While supporting my daughters in their quest to become independent and productive adults, I write every day into the heart of my own deepest desires, memories, and dreams.

think that it’s the particular, peculiar intersection of my life and art that make my work different, not that a desire to balance family with work is alien to any woman. But Pearl’s Alchemy (the “finished” novel) is drawn from my years of working with and worshipping at the altar of Nathaniel Hawthorne’s The Scarlet Letter (the heart of my doctoral dissertation). Braided into that is my work with the Puritan poet Anne Bradstreet, and braided with both of them is the simple (or not so simple) truth that when I was writing my doctoral dissertation I was a new, adoptive mother of twin daughters. My circumstances — of falling in love with these little girls who were no biological relation to me — made me see Hawthorne’s villain, Roger Chillingworth, in a light that changed the novel (and has changed it for all of my students over the past twenty years). Hawthorne got it, too, but you have to be quite a detective to disentangle this reading from all the other available readings of this endlessly ambiguous book.

At the beginning of The Scarlet Letter, Chillingworth arrives, with an Indian, to be “redeemed.” At the end of the novel, Chillingworth dies, leaving his entire estate to little Pearl. Pearl’s Alchemy is my story of why. 

My poetry and the new novel (and the stories, from a small collection called Heartwood) is perhaps more obviously personal. I’m always, always writing out of my childhood. Even when I’m writing about my teaching and my own mothering, my childhood has a way of infecting everything. It was a wonderful, complex, painful, joyful childhood. I’m happy to be infected by it.

Why do I write what I do?

I have been writing stories since I was seven years old. If you locked me in a box, I would bloody my fingernails tracing out words in the dark.

Much to my daughters’ disappointment, I am never happier than when I’m reading a book. I would spend my last dollar on a book (ask my husband). Why do I write at all — that seems to be the real question here.

How does my writing process work?

I love this question! I could write an essay about it. But I’m out of time and so I’m going to tell you in a few sentences.

  • I usually read something to warm up. Right now I’m rereading Madeleine L’Engle’s Walking on Water. I often read other poets.
  • I write in a journal, a big fat one, before I dive into more creative work. In my journal, I set down the goals for the day. Sometimes I work out the particular problems — or challenges — I want to tackle in my creative work. But even when I’m pulled in a million directions, even if I do no other writing, I write in my journal.
  • I write early in the morning, before anything else can interfere. When my daughters were tiny, and I was teaching at the University of Washington, I colonized the early morning hours for my writing.
  • If I don’t have time to write, if I think I don’t have time to write, I write for 15 minutes anyway. No one will miss 15 minutes. The worst boss in the world has to give you a break once in a while. You can write if you really, really, really, really, really want to.

So, that’s it for this post! I have a feeling I will return to these topics and tell you more (particularly about my process and how it evolved).

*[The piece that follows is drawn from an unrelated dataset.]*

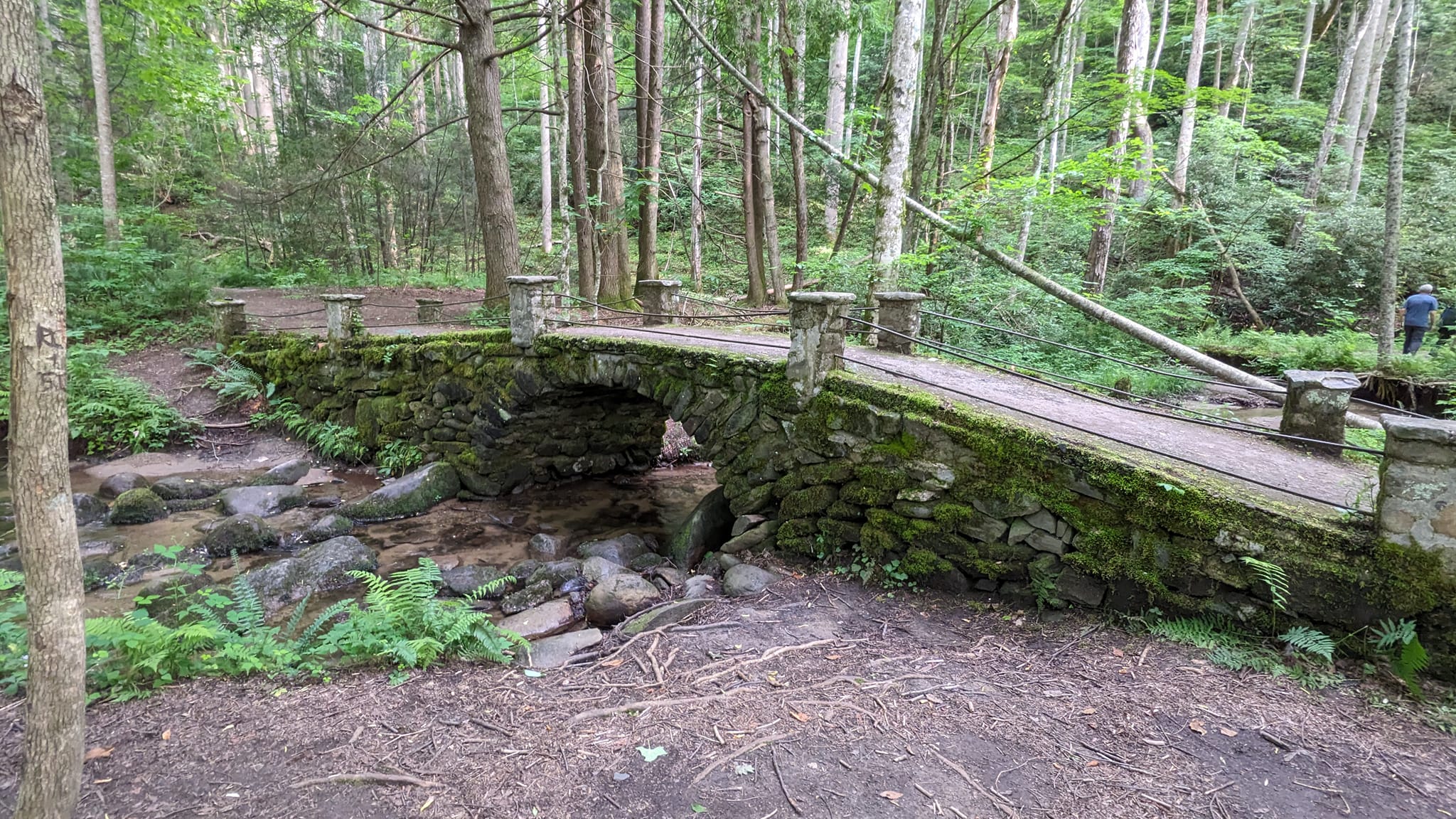 The Troll Bridge at Elkmont Campground in the Great Smoky Mountain National Park: The Best Spot for Firefly Viewing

I’ve tagged three other bloggers. Carla Shafer is my old and dear friend and the director of Chuckanut Sandstone, a readers series in Bellingham, Washington. She has several poetry chapbooks, and recently had a poem, “Elixir of the Solar Spectrum,” turned into choral song (a performance I was lucky enough to attend).

Joannie Stangeland is the author of several books of poetry, most recently Into the Rumored Spring and In Both Hands. 

I also tagged a PNWA friend, Cherie Langlois, who I hope will take time out from her farming, gardening, and writing to join us. (Great blog with great pictures.)